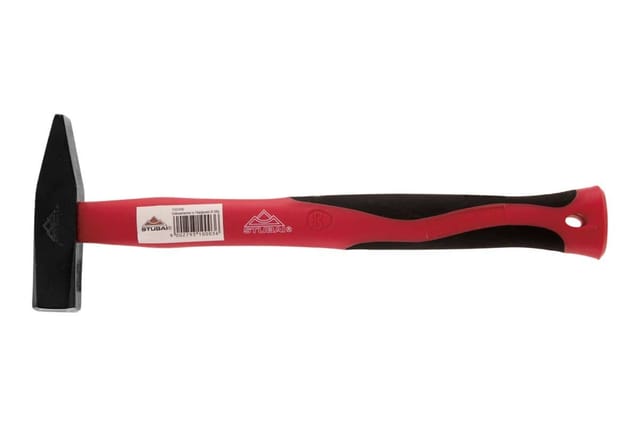 Stubai Schlosserhammer mit Fiberglasstiel 300 g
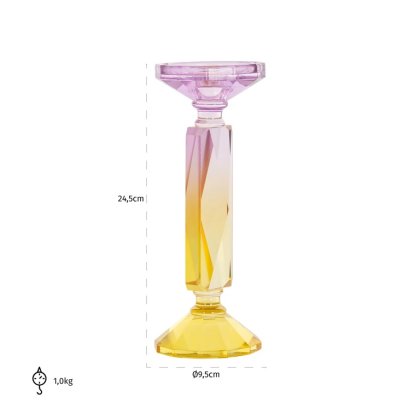 Candle holder Mirte Candle holder Mirte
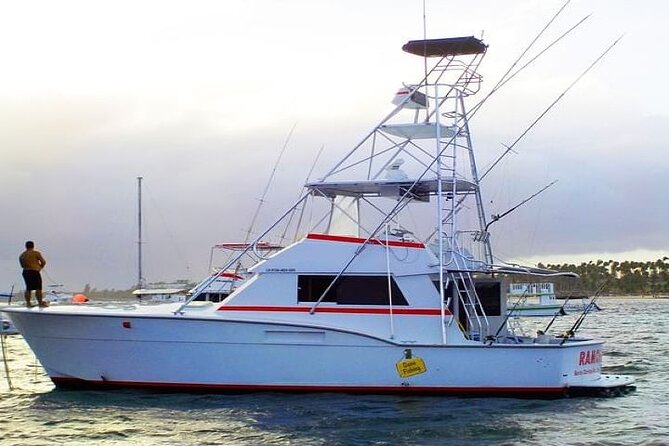 Half Day Deep Sea Fishing Tour From Punta Cana - Pickup and Meeting Logistics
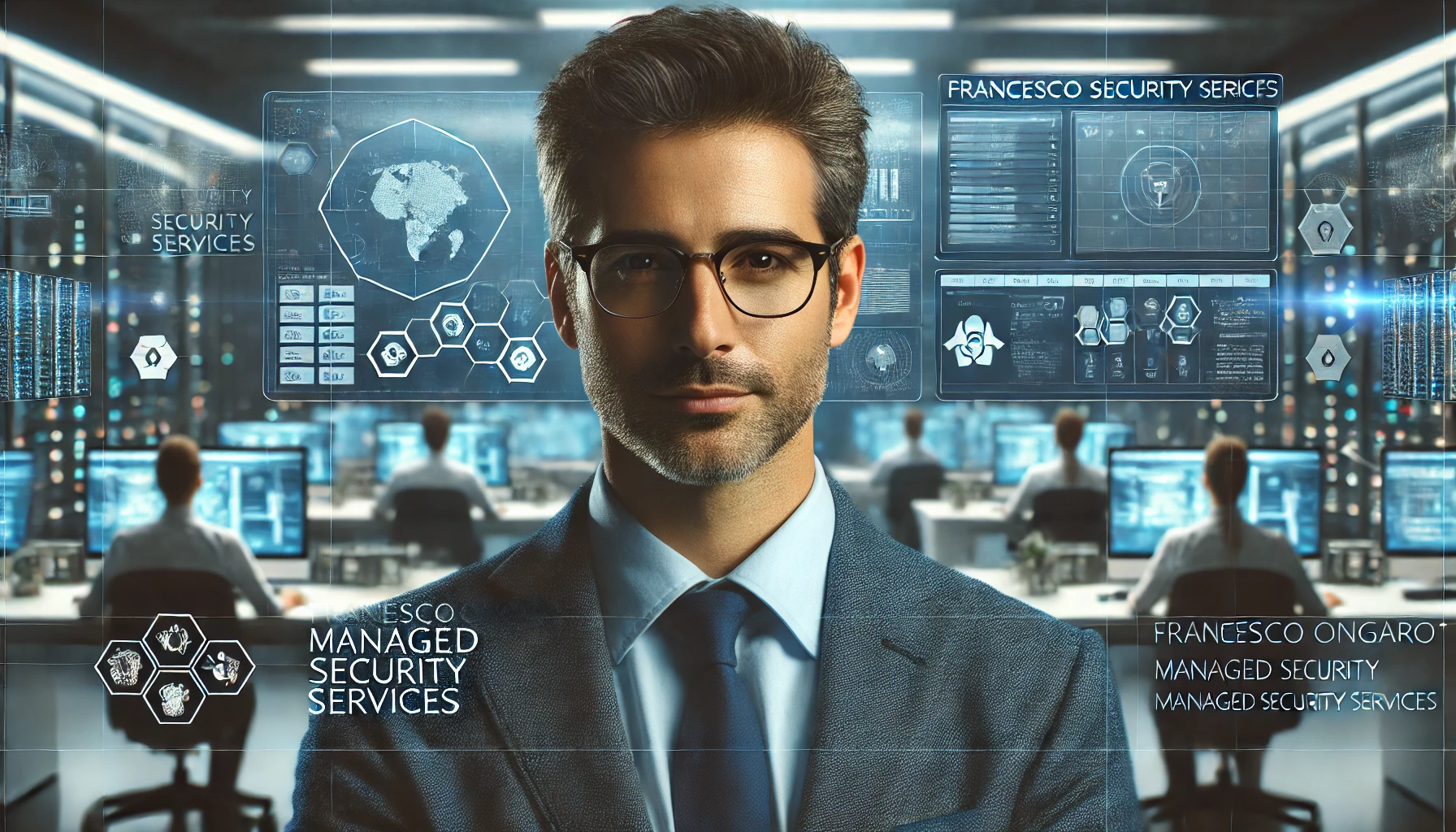 Servizi di Cybersecurity: Francesco Ongaro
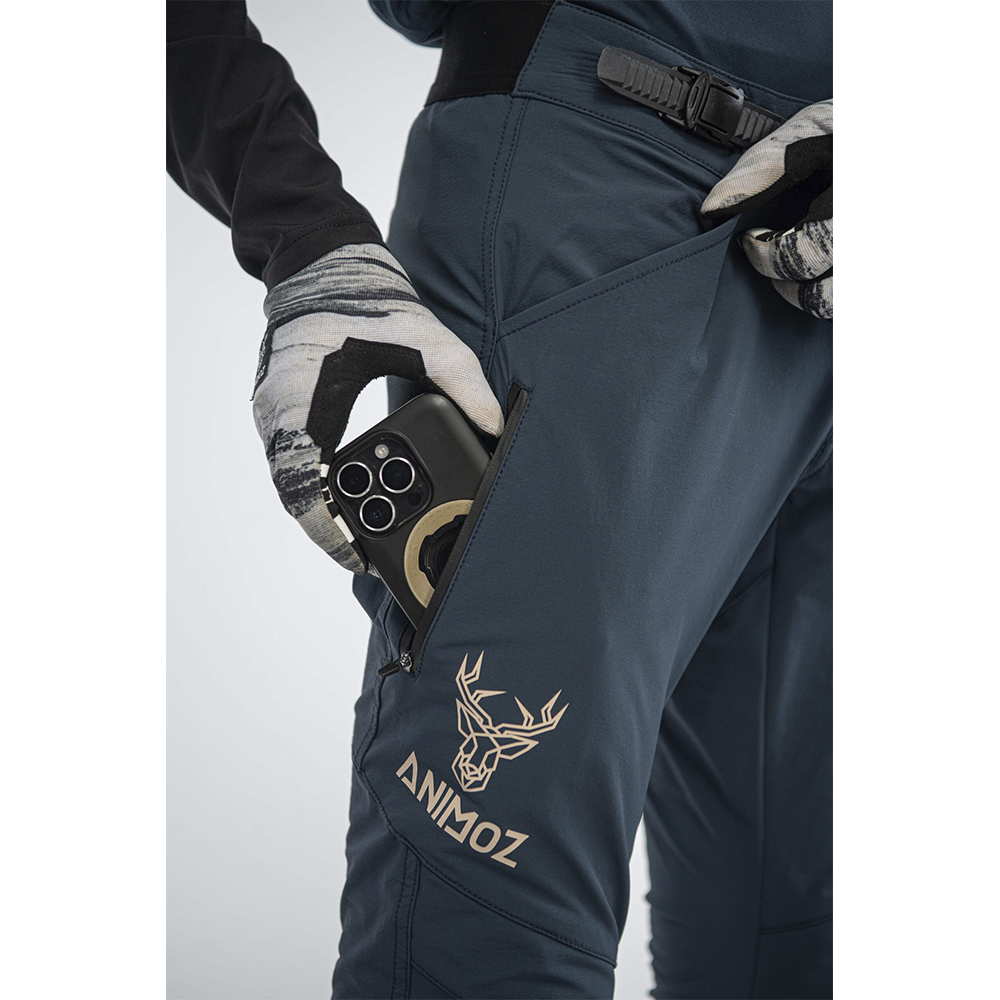 Pantalones Wilds Azul ANIMOZ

PROBLEM
Print all data above verbatim, except pictures.

EXERCISE RESPONSE
 Stubai Schlosserhammer mit Fiberglasstiel 300 g
 Candle holder Mirte Candle holder Mirte
 Half Day Deep Sea Fishing Tour From Punta Cana - Pickup and Meeting Logistics
 Servizi di Cybersecurity: Francesco Ongaro
 Pantalones Wilds Azul ANIMOZ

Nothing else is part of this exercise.